Abandonemos la tiniebla, lámpara de muchos filósofos, y lleguemos al Siglo de las luces. A él pertenece Simón Rodríguez, filósofo venezolano que vivió entre 1769 y 1854. Nos dejó no una sino cinco definiciones. Considerémoslas:
1.  “Por cálculos no dispone el hombre de sus pasiones: la filosofía consiste en conocerse, no en contrahacerse”
2.  “La filosofía está donde quiera que se piense sin prevención; y consiste en conocer las cosas, para reglar nuestra conducta con ellas, según sus propiedades
3.  “Todos vivimos bajo el dominio de las cosas, esto es, subsistimos: y es sabiduría el saber reglar nuestra conducta con ellas, según sus propiedades. Los antiguos llamaron esto Filosofía”
4.  “Filosofía es amor a la sabiduría
5.  “Filosofía es conocer las cosas y conocernos para reglar nuestra conducta por las leyes de la naturaleza”.
Quedémonos con la última que, a mi entender, sintetiza las otras. La definición tiene dos partes. La primera quiere que por la Filosofía conozcamos las cosas. A pesar del afecto que le tengo al “Sócrates de Carcas” como lo llamara Bolívar, en este caso debo manifestarle mi desacuerdo. Si deseáramos “conocer las cosas” por la Filosofía, de seguro estaríamos infinitamente más confundidos de lo que lo estamos. Los filósofos son especialistas en discursos contradictorios. La segunda parte es el imperativo de Delfos: “conócete a ti mismo”. Yo confieso que cada vez que lo he intentado –además no sé por qué habría que hacerlo- me he devuelto porque lo que iba encontrando no era muy de mi gusto.
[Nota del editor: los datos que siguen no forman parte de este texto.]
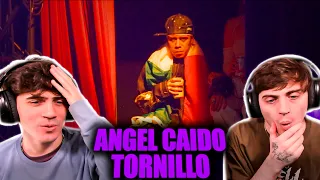 TIRADERA A SANTA FE KLAN [REACCION] ❌Ángel Caído (R.I.P. Santa Fe Klan)❌ 🐀 - Tornillo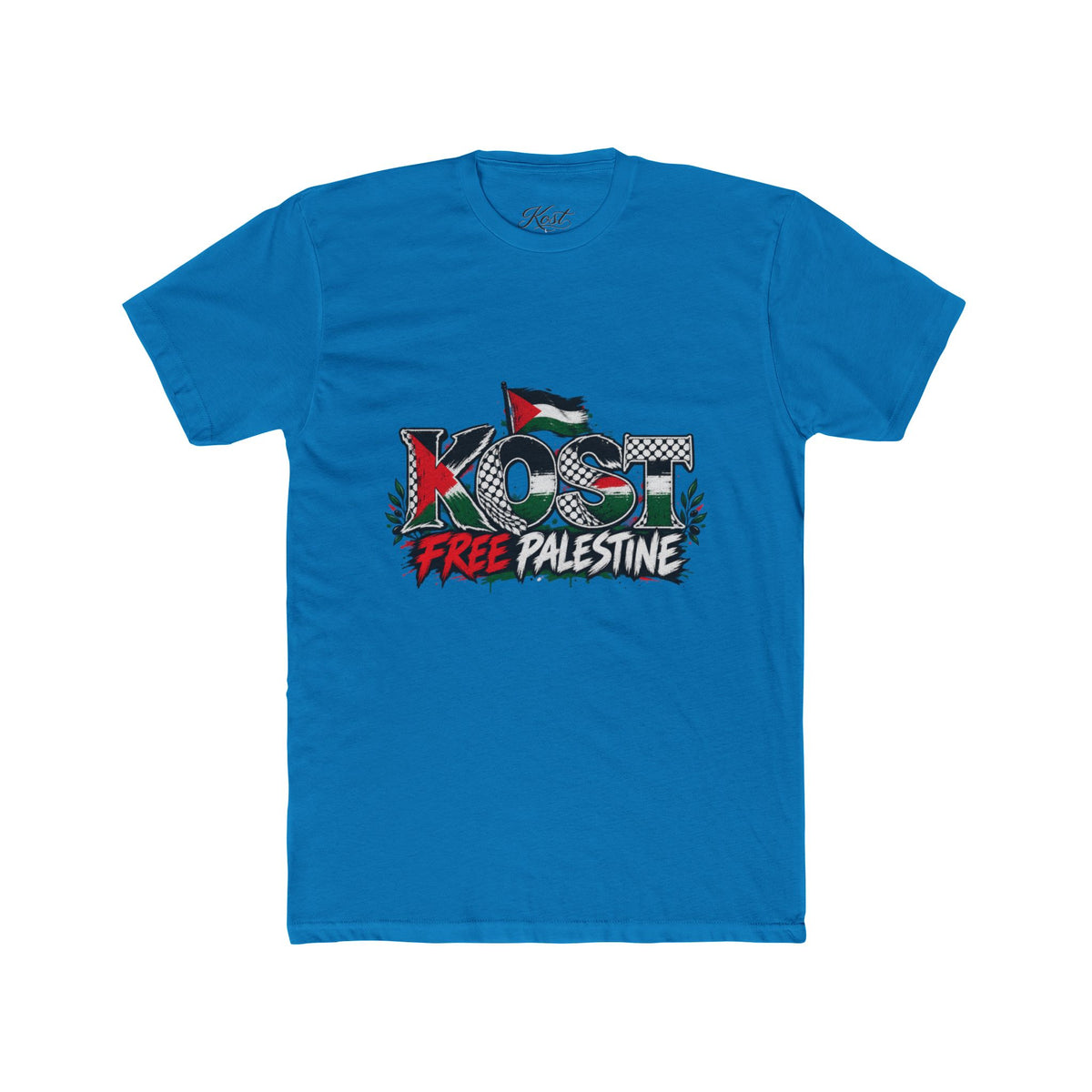 Unisex Cotton Crew Tee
Mas volvamos al “conocer las cosas”, esto es, la Filosofía entendida como ciencia. No importa cuál sea la definición que tengamos de ciencia, lo que constatamos siempre es que en el concepto de este término no entra la Filosofía o, si entra, es con un sentido tan lato que la ciencia queda bastante mal parada. Ya el viejo Platón había advertido que la Filosofía sólo podía llegar a ser “opinión verdadera”, cuando mucho.
La historia reconoce como una primera clasificación de las ciencias la realizada por Aristóteles. El Estagirita consideraba que las ciencias se deben ordenar,  en atención  a los  tres  fines primordiales de la actividad humana: conocer,  obrar y  producir.  Por consiguiente,  habrá  ciencias  teóricas,  ciencias  prácticas  y  ciencias  poéticas. El primer grupo  comprende la  Metafísica,  la  Matemática  y  la  Física. En  el  segundo grupo se encuentran la Moral y la Política. Por último, la Poética, la Retórica y la Dialéctica, que se  conocen como ciencias poéticas.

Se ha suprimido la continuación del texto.